Dataset excerpts:
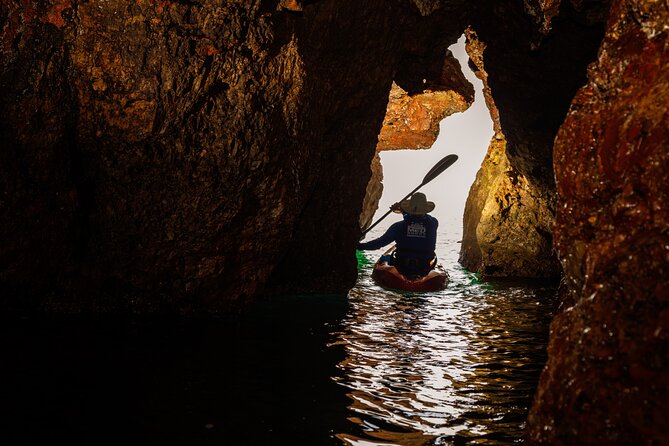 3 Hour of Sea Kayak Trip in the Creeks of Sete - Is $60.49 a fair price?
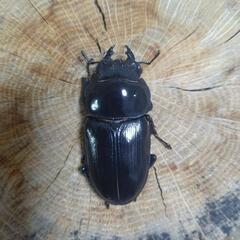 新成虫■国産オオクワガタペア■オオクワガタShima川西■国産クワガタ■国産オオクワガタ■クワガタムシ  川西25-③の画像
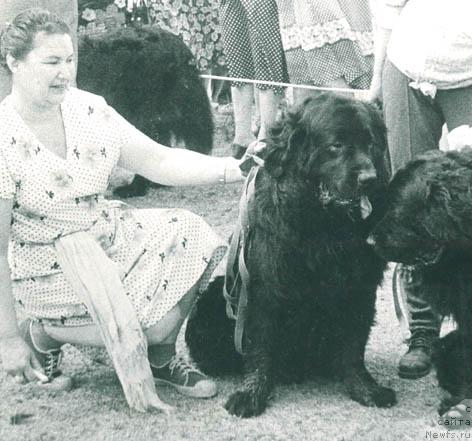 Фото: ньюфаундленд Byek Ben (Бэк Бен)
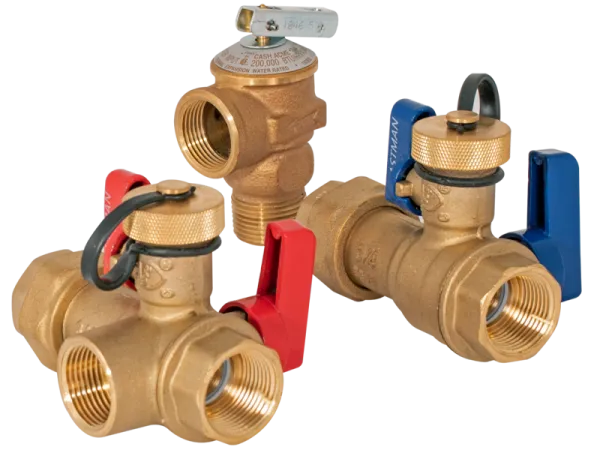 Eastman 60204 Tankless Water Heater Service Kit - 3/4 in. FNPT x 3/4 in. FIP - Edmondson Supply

* * *

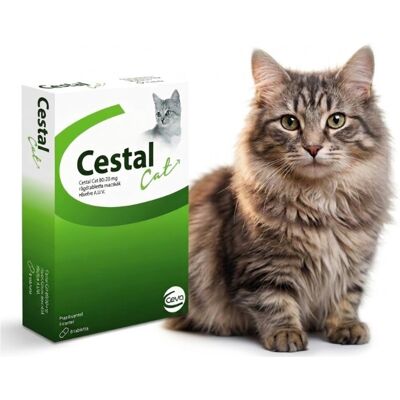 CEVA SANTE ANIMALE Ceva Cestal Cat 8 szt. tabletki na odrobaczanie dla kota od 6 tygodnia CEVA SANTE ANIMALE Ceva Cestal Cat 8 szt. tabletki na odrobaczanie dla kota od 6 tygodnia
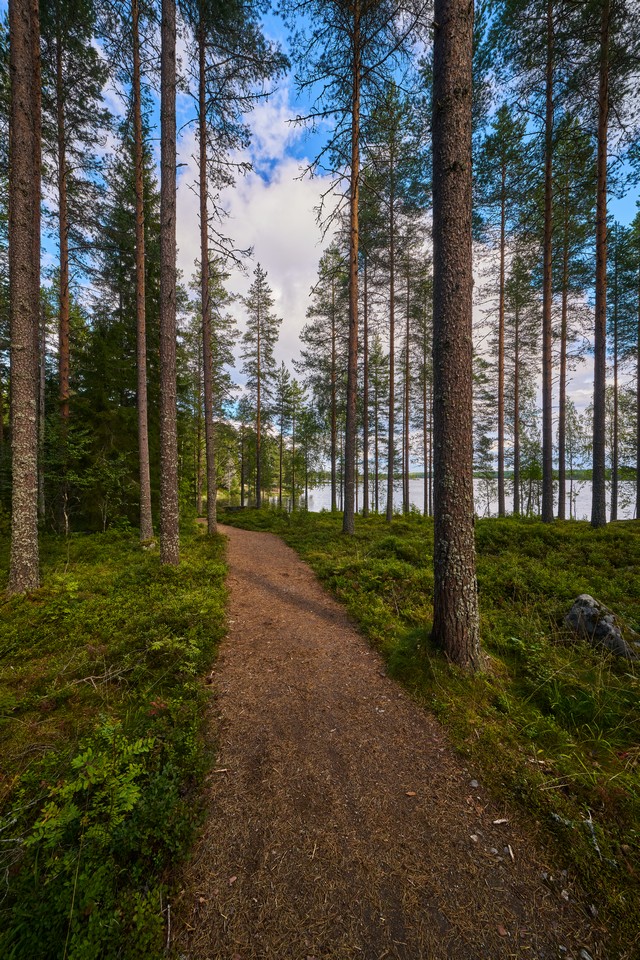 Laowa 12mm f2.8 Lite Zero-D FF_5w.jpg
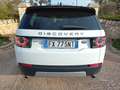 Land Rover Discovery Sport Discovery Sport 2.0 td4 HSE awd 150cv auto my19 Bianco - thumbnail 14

What the task requires: Beginning with the line that contains "3 Hour of Sea" and ending with the line that contains "Eastman 60204 Tankless", reproduce the listing exactly, pictures excluded.

Written response:
 3 Hour of Sea Kayak Trip in the Creeks of Sete - Is $60.49 a fair price?
 新成虫■国産オオクワガタペア■オオクワガタShima川西■国産クワガタ■国産オオクワガタ■クワガタムシ  川西25-③の画像
 Фото: ньюфаундленд Byek Ben (Бэк Бен)
 Eastman 60204 Tankless Water Heater Service Kit - 3/4 in. FNPT x 3/4 in. FIP - Edmondson Supply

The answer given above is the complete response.